> _Instructions for the task_:
Please, without the pictures, restate every entry exactly.

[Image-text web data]
■ ■ ■ ■

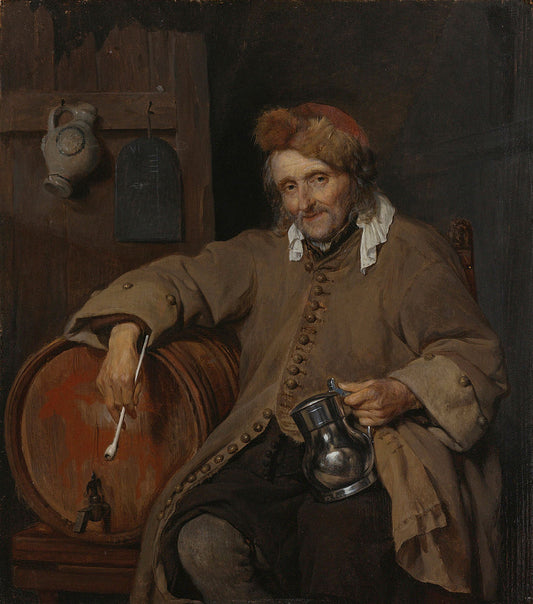 The Old Drinker, vintage artwork by Gabriël Metsu, 12x8" (A4) Poster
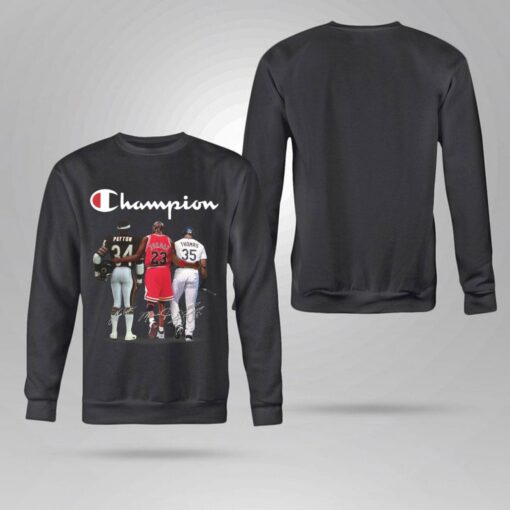Awesome Champion Chicago Bears Walter Payton Chicago Bulls Michael Jordan Chicago White Sox Frank Thomas Signatures Shirt 4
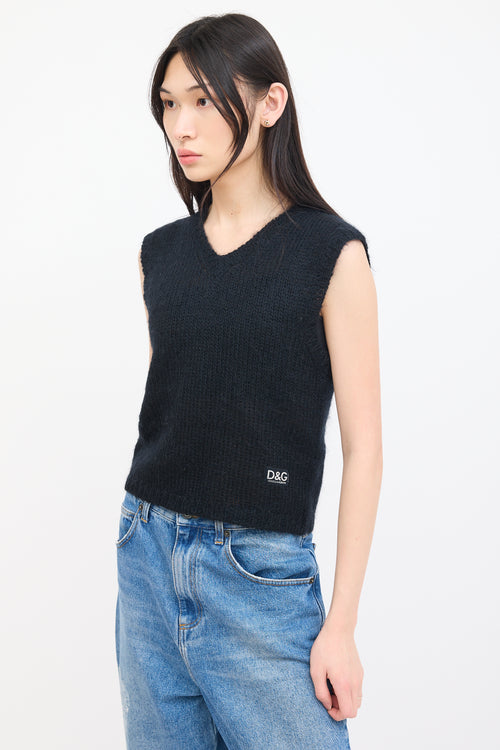 Dolce & Gabbana Black Knit V-Neck Vest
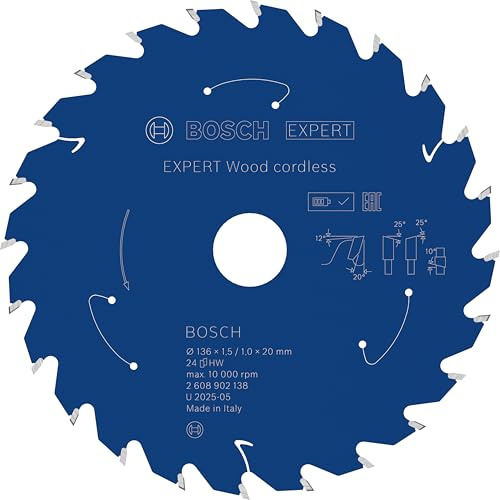 Bosch 1x Expert Wood Cordless Circular Saw Blade for Handheld Circular Saw | for Softwood, Hardwood, Ø 136 mm, Professional Accessory Hand-Held Cordless Circular Saws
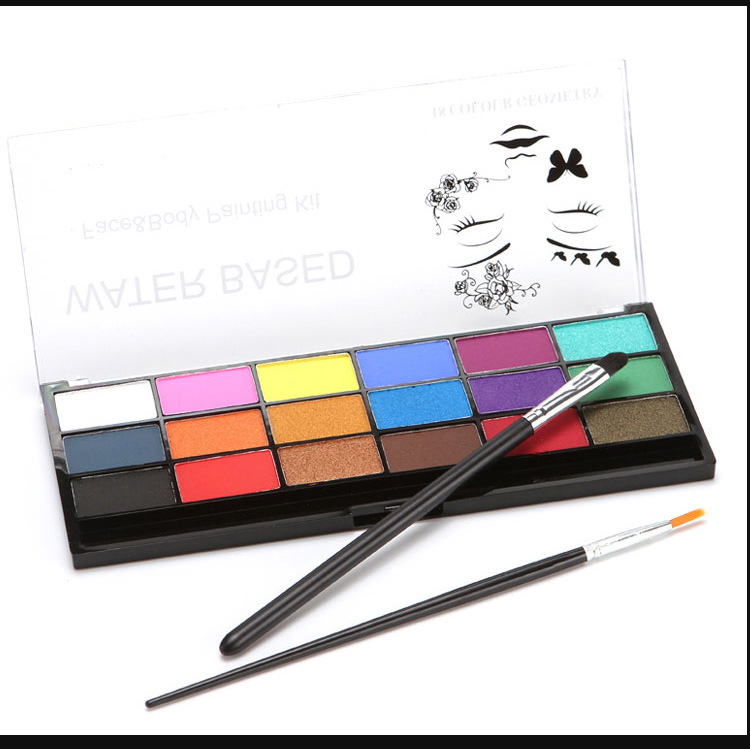 Suministros de maquillaje de Halloween de 18 colores pintura corporal pintura Cara color maquillaje niños Cara color drama a base de agua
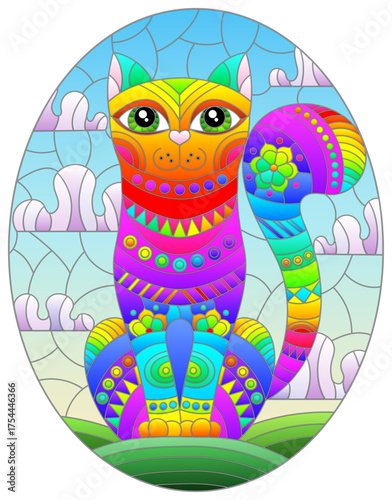 Illustration in stained glass style with abstract geometric cat and the sun on an abstract blue background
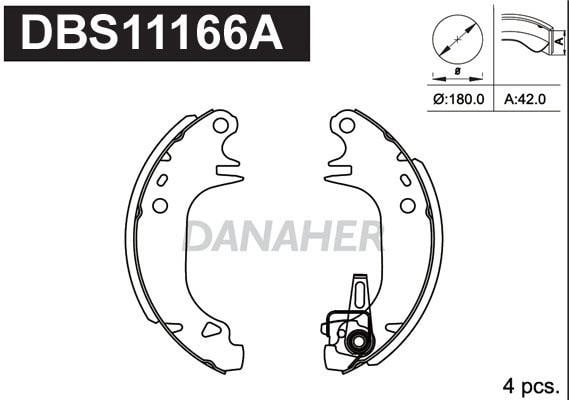 Danaher DBS11166A Колодки гальмівні барабанні, комплект DBS11166A: Купити в Україні - Добра ціна на EXIST.UA!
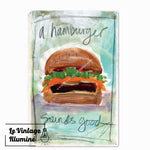 Plaque Métal Vintage Hamburger Sounds Good - Le Vintage Illuminé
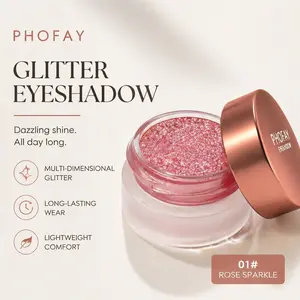 PHOFAY Mashed Potatoes Glitter Eyeshadow - 8 Versatile Shades, Iridescent Finish, 15HR Fade-Resistant, Silky-Blendable, Long-Lasting Wear, 5g per Jar, Shimmer. Cosmetic,Chrome Shimmer Eyeshadow Palette,makeup forever,diamond makeup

■ ■ ■ ■

> _Solved problem_:
 The Old Drinker, vintage artwork by Gabriël Metsu, 12x8" (A4) Poster
Awesome Champion Chicago Bears Walter Payton Chicago Bulls Michael Jordan Chicago White Sox Frank Thomas Signatures Shirt 4
 Dolce & Gabbana Black Knit V-Neck Vest
 Bosch 1x Expert Wood Cordless Circular Saw Blade for Handheld Circular Saw | for Softwood, Hardwood, Ø 136 mm, Professional Accessory Hand-Held Cordless Circular Saws
 Suministros de maquillaje de Halloween de 18 colores pintura corporal pintura Cara color maquillaje niños Cara color drama a base de agua
 Illustration in stained glass style with abstract geometric cat and the sun on an abstract blue background
 Danaher DBS11166A Колодки гальмівні барабанні, комплект DBS11166A: Купити в Україні - Добра ціна на EXIST.UA!
 Plaque Métal Vintage Hamburger Sounds Good - Le Vintage Illuminé
 PHOFAY Mashed Potatoes Glitter Eyeshadow - 8 Versatile Shades, Iridescent Finish, 15HR Fade-Resistant, Silky-Blendable, Long-Lasting Wear, 5g per Jar, Shimmer. Cosmetic,Chrome Shimmer Eyeshadow Palette,makeup forever,diamond makeup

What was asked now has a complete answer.